At perhaps a slightly higher level (whatever that might mean) there is the problem of people like Newt Gingrich, Sarah Palin and other fellow travelers, people who have learned how to make a living by pretending to run for office even if they have no intention of doing so. Gingrich is the best and most recent example of this kind of scam. He periodically threatens to run for President, sets up a fund raising site, accumulates a lot of money, and then does not run as he knows full well it would be a waste of time. The media loves him and inflicts his pompous, hypocritical bullshit on us at every opportunity. If he did not pretend to be running for President no one would pay any attention to him. Sarah Palin is almost as skillful as Gingrich, perhaps even better than he is, at pretending to run for President. They both know they have no chance of ever becoming President, but pretending to run has become a profession for them. Another case in point is Christine O’Donnell who, never actually having a job, has made a career of running for the Senate, for which she is totally unqualified, but she manages to pay her rent. The media must certainly be aware of these fakes but, hey, if they say they’re news, they’re news.

There are also those who, having little or no talent, have learned they can be news by saying outrageous things, we call them “shock jocks.” Some of them have their own shows where they just utter one ridiculous thing after another, others, like Ann Coulter, make a living by appearing on television to say something so nasty, bitchy, absurd, or mean they guarantee further appearances. I don’t know if we can consider Rush Limbaugh or Bill O’Reilly in this category but they are close to it. Of course Glenn Beck is the master, having managed to turn his absurd lunacy into an extremely lucrative “news” business. These people do little other than spew hate and falsehoods on a regular basis and seem to find large audiences that apparently are too stupid to know the difference between fact and fantasy.

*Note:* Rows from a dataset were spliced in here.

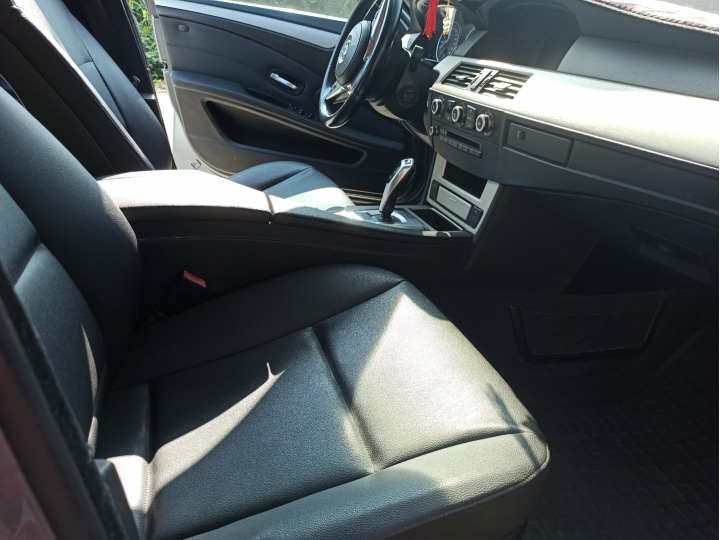 售2009 BMW 520d 2.0
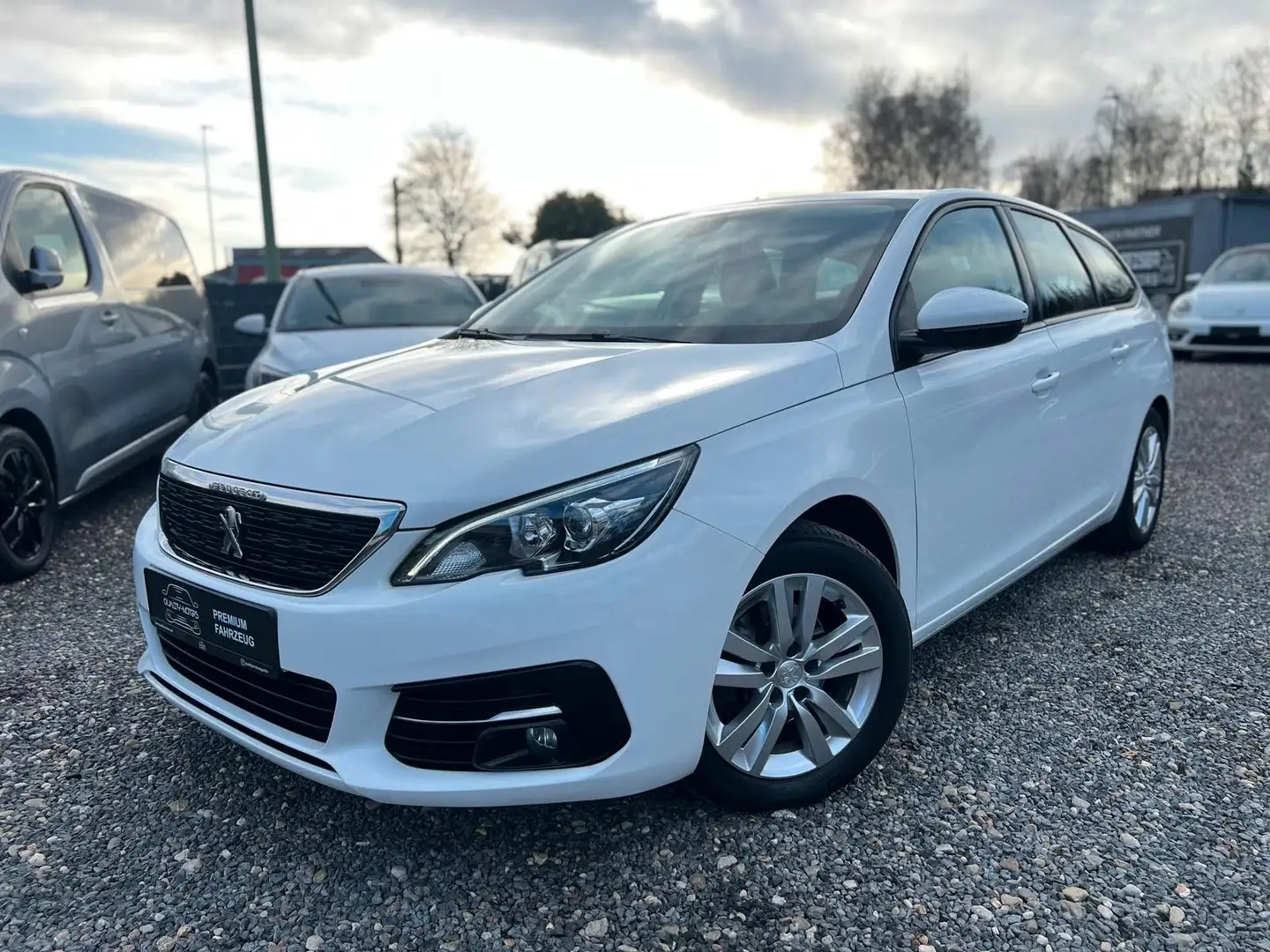 Peugeot 308 SW ACTIVE-TEMPOMAT-PDC-KLIMA-SERVO Weiß - 1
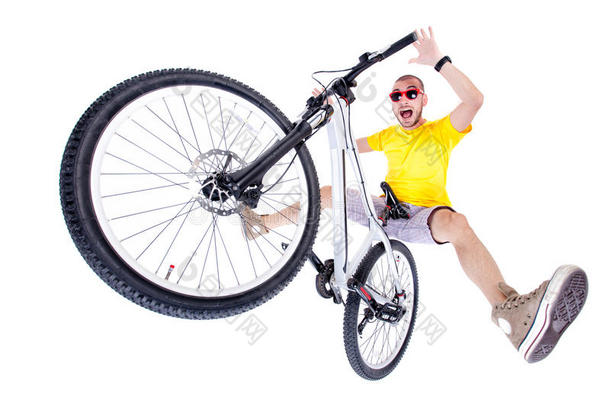 一个疯狂的男孩骑着一辆土制的自行车，被一个白色的宽镜头挡住了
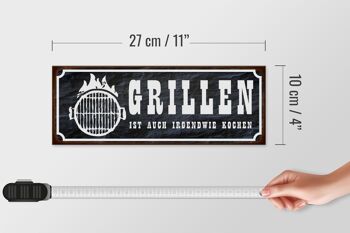 Panneau en bois indiquant 27x10cm Griller, c'est aussi cuisiner 4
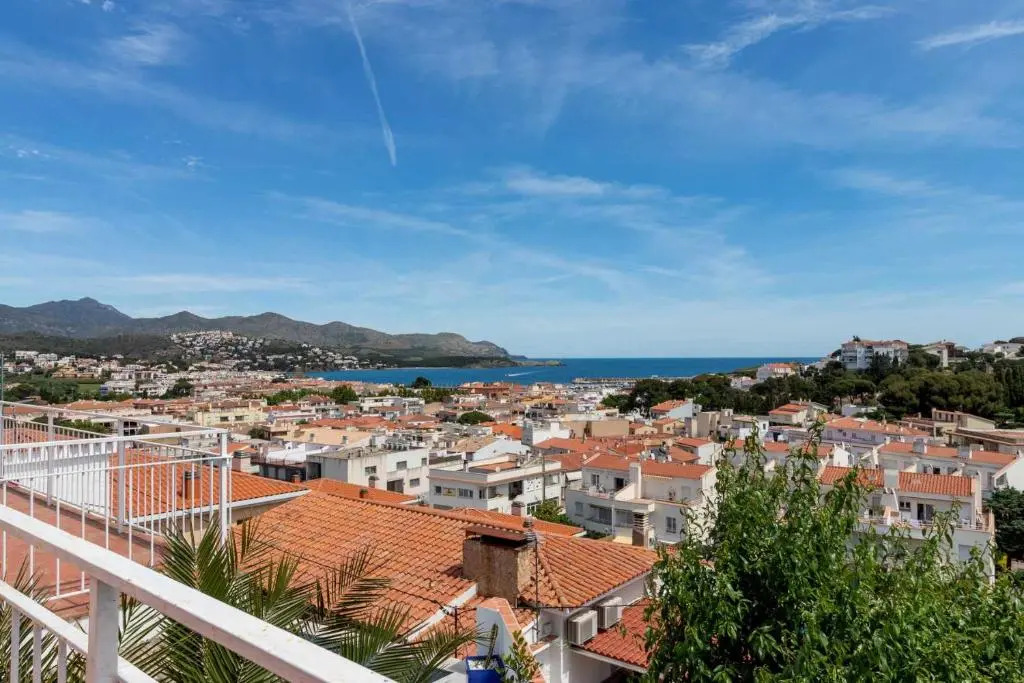 LA FARELLA 63 apartamento con amplia terraza y vistas al mar
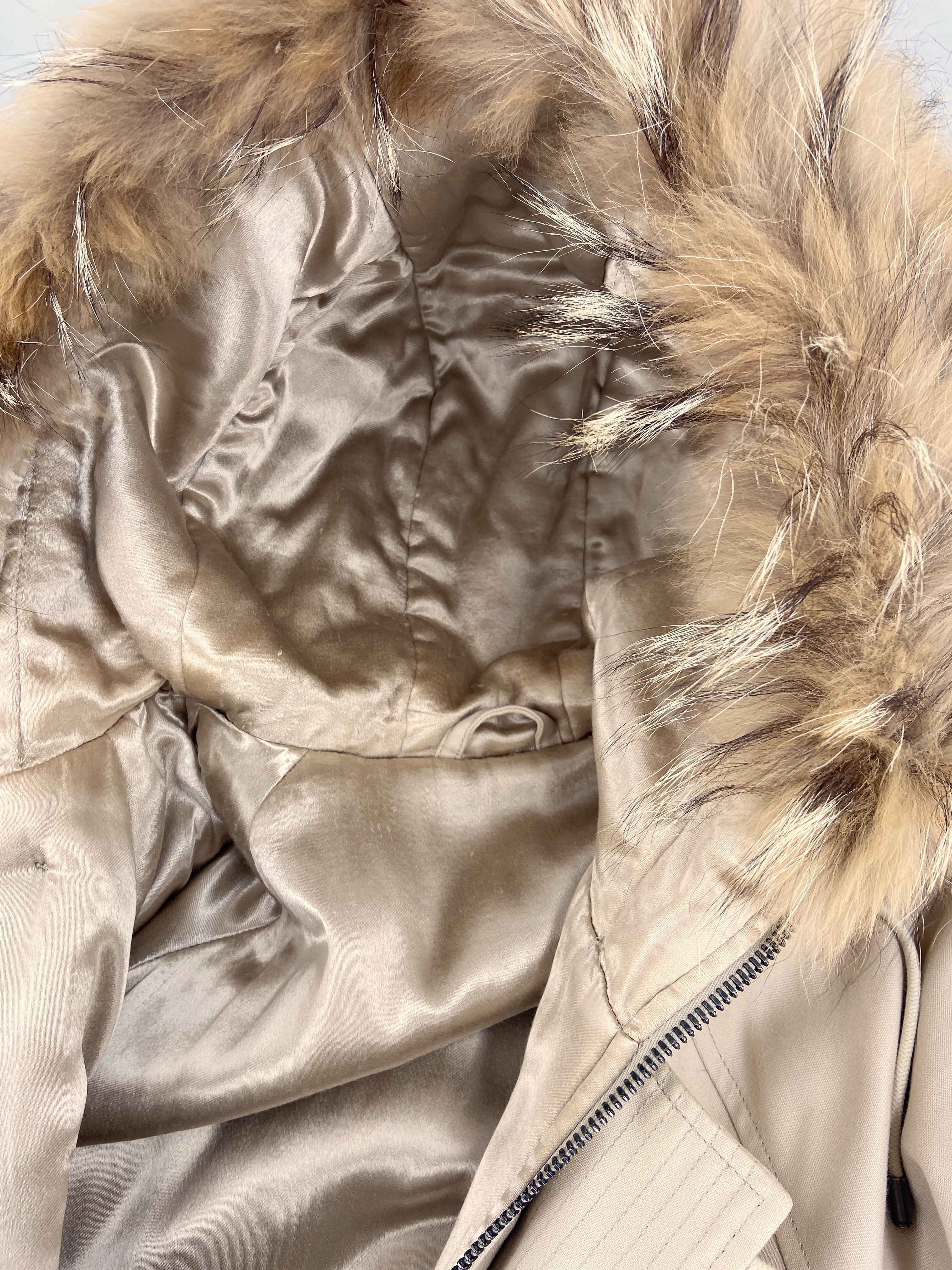 Gucci Fall 1998 Menswear Coyote Fur Hood N-3B Heavyweight Military Winter Coat 48 - 21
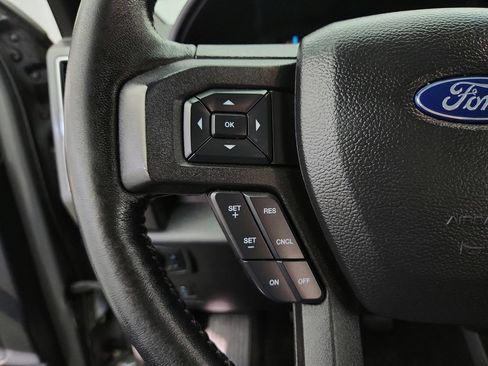 Used 2018 Ford F150 XLT w/ Equipment Group 302A Luxury AWD/4WD image 15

Still another thing that irritates me about news is the fact that what might be news of a kind somewhere is not really news worth bothering about everywhere. Car chases in L.A. come immediately to mind. If some drunk, drug addict , or criminal wants to try to run away from the police by driving 100 miles an hour down the freeway, that might actually be news in L.A., but why should it be news elsewhere in the U.S. Like, who cares what lunatic drivers do in L.A. when there are similar loonies everywhere? House fires, too, do not seem to me to be nationwide news. However horrible it is that someone burns to death in their home I cannot see why that is national news. House fires occur regularly in many places, why do some make it to national news while most others do not? Why do some murders become national stories while hundreds of others are never heard about? Again, you might think an editor would be more selective in what was to be presented as news, but when you have so much time to fill, and so little real news to go around you can’t be too choosy. “A slow news day” is a more or less recent phenomenon.

Some of you might have seen me report this experience previously. If so, forgive me for being repetitive. I once spent several months living on the Big Island of Hawaii. There was a very small local news station that came on early every morning. The usual news had to do with reports about how Mrs. Wu’s dog had killed Mrs. Kim’s chickens, or how Mr. Wang’s car had broken down on the highway, and similar things of that level of local importance. But one morning I was delighted to hear the announcer admit, “Well, there’s no news today.” That’s what I call real news! I wish there were more honest announcers.

LKBIQ:
The one function TV news performs very well is that when there is no news we give it to you with the same emphasis as if there were.
David Brinkley

TILT:
There is evidence humans began hunting for honey 10,000 years ago.